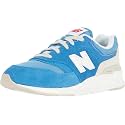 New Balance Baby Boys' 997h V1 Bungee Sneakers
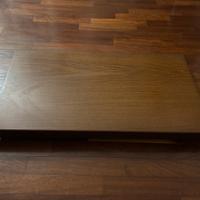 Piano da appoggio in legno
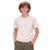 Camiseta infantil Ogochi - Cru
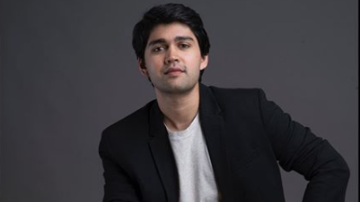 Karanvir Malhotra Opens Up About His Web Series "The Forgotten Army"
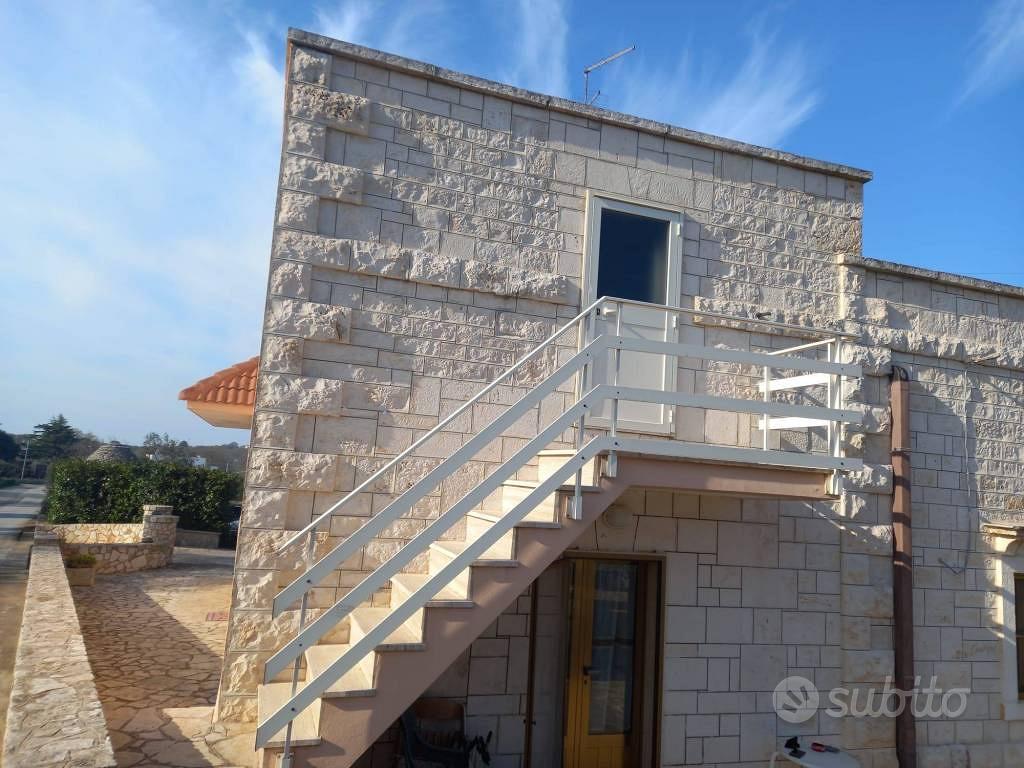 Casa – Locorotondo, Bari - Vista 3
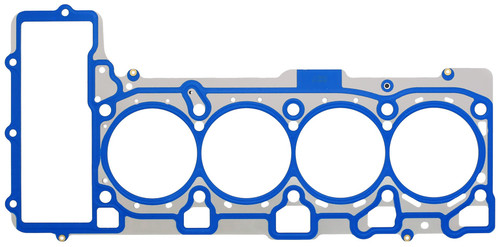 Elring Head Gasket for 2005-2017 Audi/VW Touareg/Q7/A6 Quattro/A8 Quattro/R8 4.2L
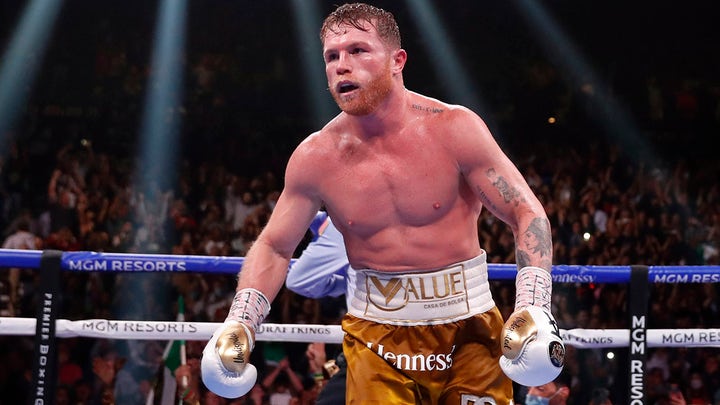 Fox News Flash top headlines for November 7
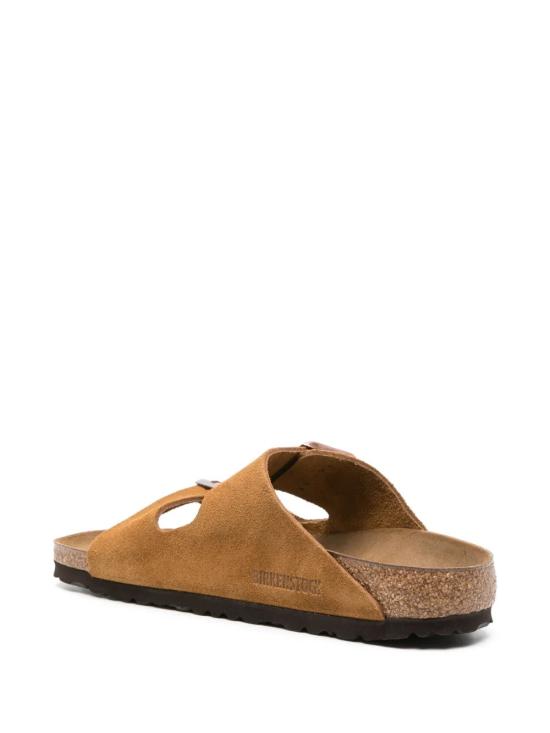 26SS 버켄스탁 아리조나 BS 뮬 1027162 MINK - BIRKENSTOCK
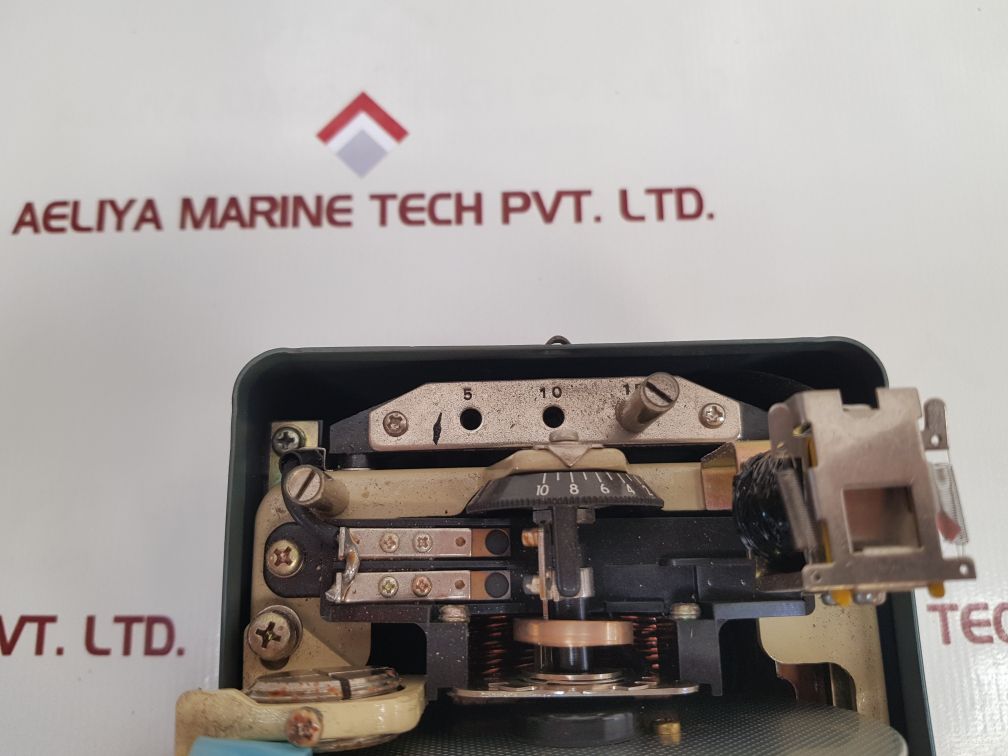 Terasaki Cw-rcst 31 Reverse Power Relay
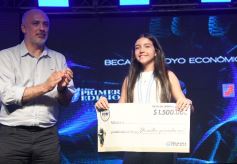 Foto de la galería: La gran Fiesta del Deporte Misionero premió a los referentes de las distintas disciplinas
┄┄┄┄┄┄
TASK STATEMENT -
Going from the line holding "Camiseta infantil Ogochi - Cru" to the last line of the data above, reproduce every line exactly, both included, with the pictures omitted.

COMPLETED EXERCISE -
 Camiseta infantil Ogochi - Cru
 Karanvir Malhotra Opens Up About His Web Series "The Forgotten Army"
 Casa – Locorotondo, Bari - Vista 3
 Elring Head Gasket for 2005-2017 Audi/VW Touareg/Q7/A6 Quattro/A8 Quattro/R8 4.2L
 Fox News Flash top headlines for November 7
 26SS 버켄스탁 아리조나 BS 뮬 1027162 MINK - BIRKENSTOCK
 Terasaki Cw-rcst 31 Reverse Power Relay
 Foto de la galería: La gran Fiesta del Deporte Misionero premió a los referentes de las distintas disciplinas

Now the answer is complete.